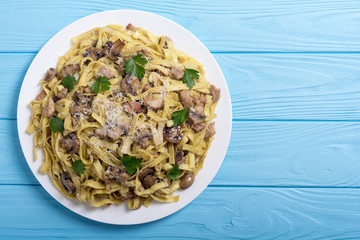Pasta tagliatelle with chicken meat and mushroom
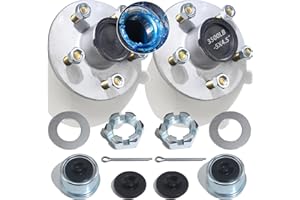 iBroPrat 2Sets Galvanized Trailer Idler Hub Kits 5 Bolt 4.5, Trailer Idler 5 Lug Hub Kits Pre-Installed and Lubricated for 3500 lbs 1-1/16'' to 1-3/8'' #84 Spindle Tapered Axle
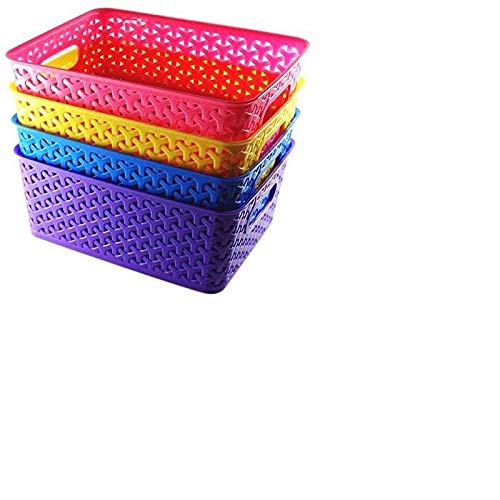 Product Cover Xllent® Multipurpose Baskets for Storage Set of-4 Pieces, Multi Color Medium,B20Cm, L26Cm,H11 cm(Color May Very)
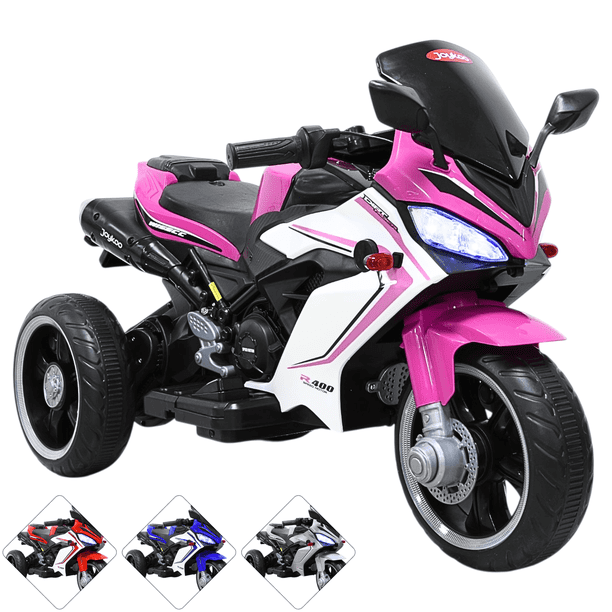 Moto Eléctrica Infantil 3 Ruedas 6V con Bluetooth - Rosa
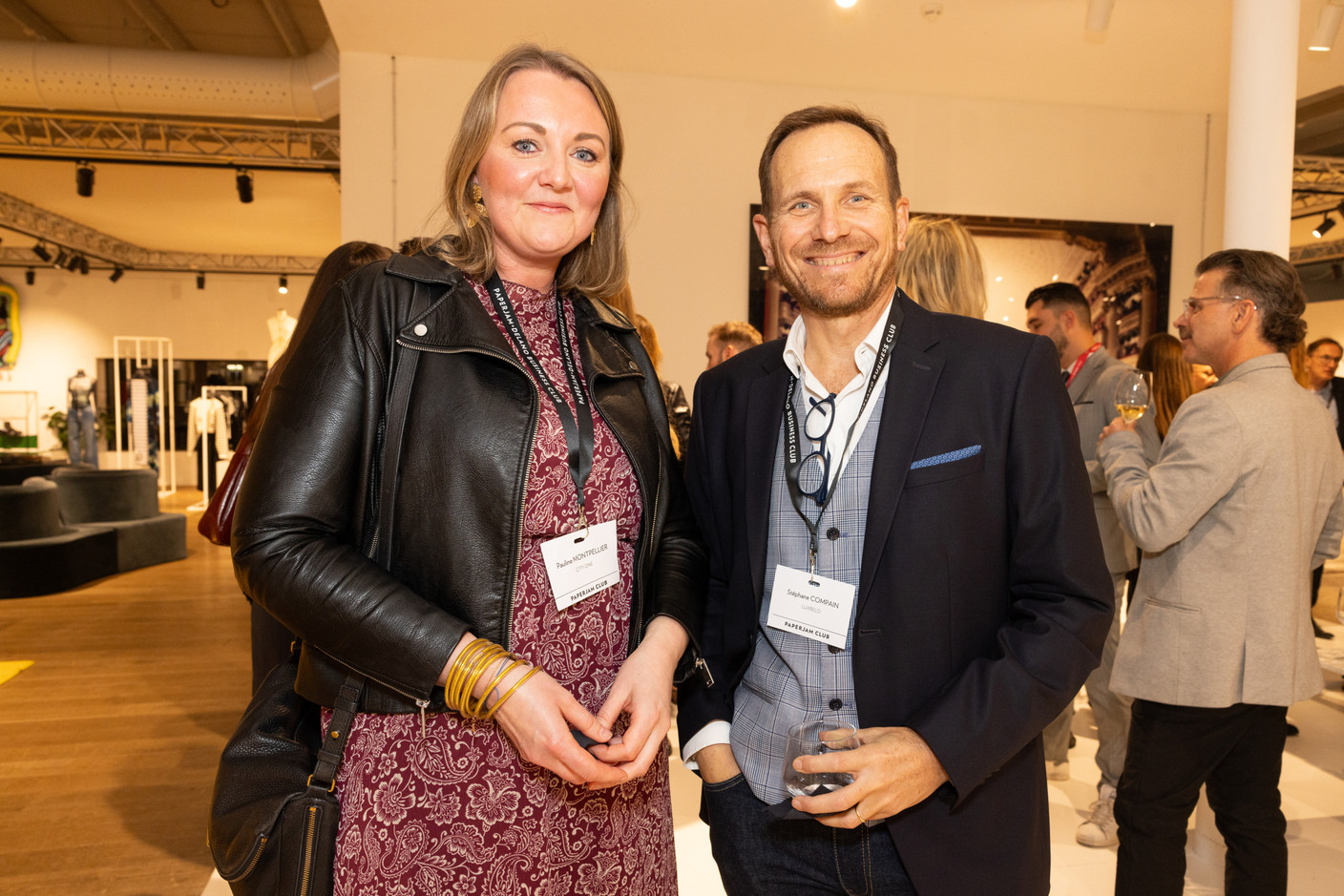 Pauline Montpellier (City One) and Stéphane Compain (Luxrelo) at the Paperjam Club’s “Let's Taste: Caviar & Champagne” event at Smets Concept Store on 14 November 2024. Photo: Eva Krins/Maison Moderne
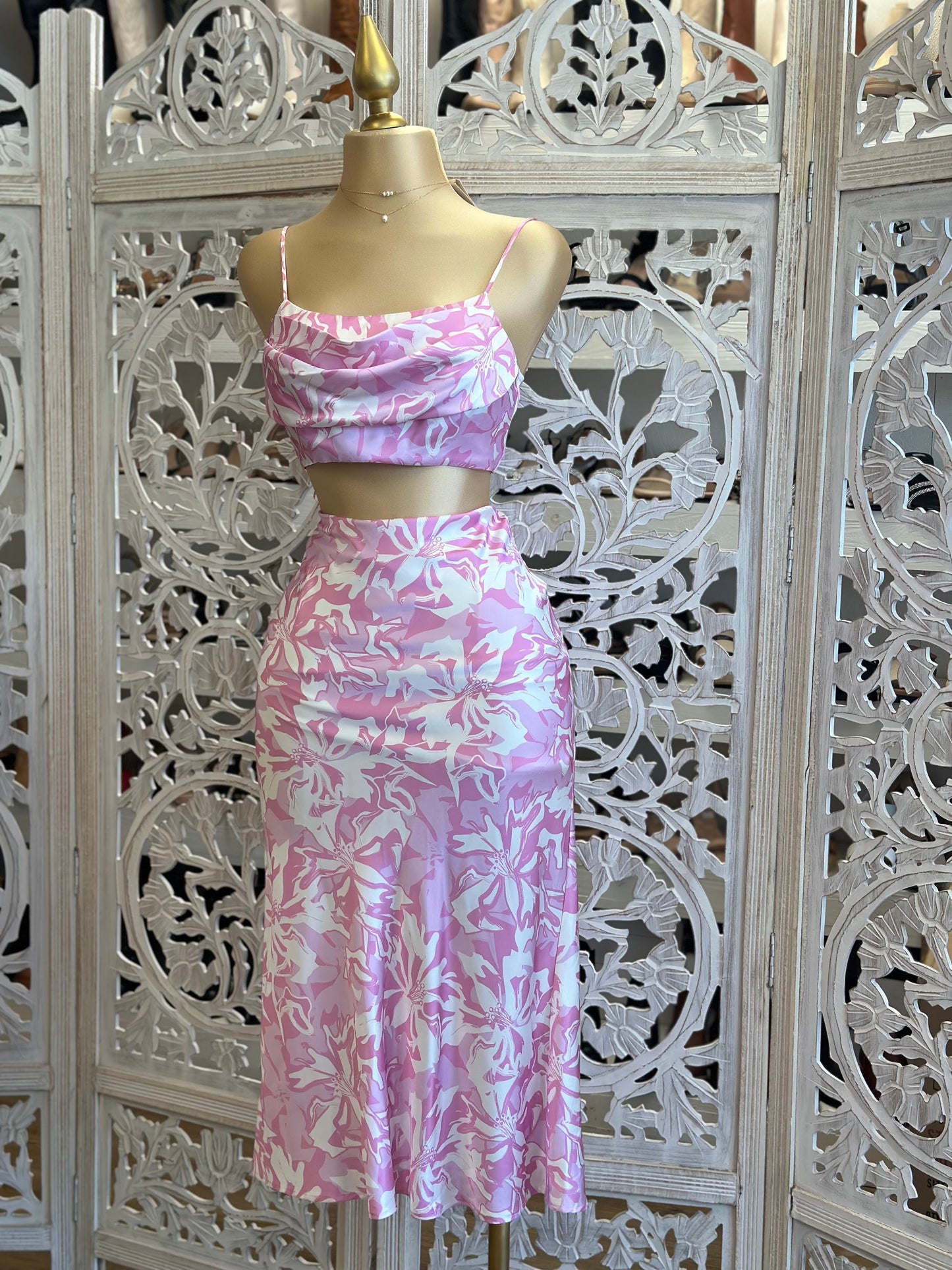 Pink Patterned Midi Skirt Set-  Not Stretchy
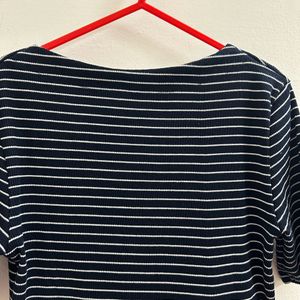 Navy Blue And White Striped Top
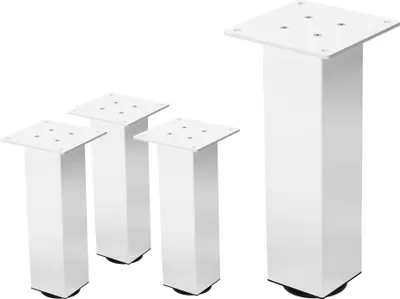 Zdjęcie produktu dla ML-Design Zestaw 4 sztuk nóg stołowych / ławkowych I-Design, 30 cm, biały połysk, ze stali malowanej proszkowo, kwadratowe, profil 8x8 cm, regulowana wysokość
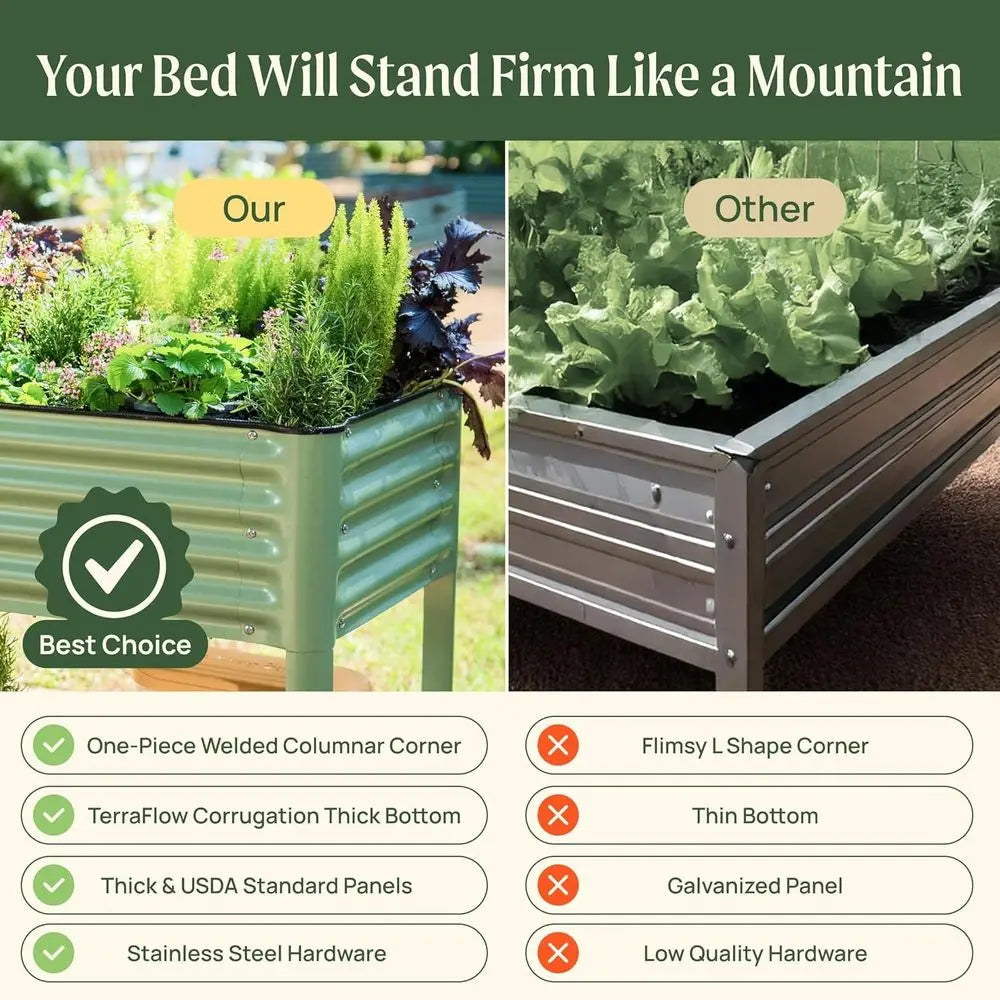 Raised Garden Bed With Legs And Storage Rack 1000 Lb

**REQUIRED ACTION**
Word for word, write out the lines from the top of the records above down to the line holding "Navy Blue And White Striped Top", inclusive, but not the pictures.

**OUTPUT FOR THIS TASK**
Pasta tagliatelle with chicken meat and mushroom
 iBroPrat 2Sets Galvanized Trailer Idler Hub Kits 5 Bolt 4.5, Trailer Idler 5 Lug Hub Kits Pre-Installed and Lubricated for 3500 lbs 1-1/16'' to 1-3/8'' #84 Spindle Tapered Axle
 Product Cover Xllent® Multipurpose Baskets for Storage Set of-4 Pieces, Multi Color Medium,B20Cm, L26Cm,H11 cm(Color May Very)
 Moto Eléctrica Infantil 3 Ruedas 6V con Bluetooth - Rosa
 Pauline Montpellier (City One) and Stéphane Compain (Luxrelo) at the Paperjam Club’s “Let's Taste: Caviar & Champagne” event at Smets Concept Store on 14 November 2024. Photo: Eva Krins/Maison Moderne
 Pink Patterned Midi Skirt Set-  Not Stretchy
 Navy Blue And White Striped Top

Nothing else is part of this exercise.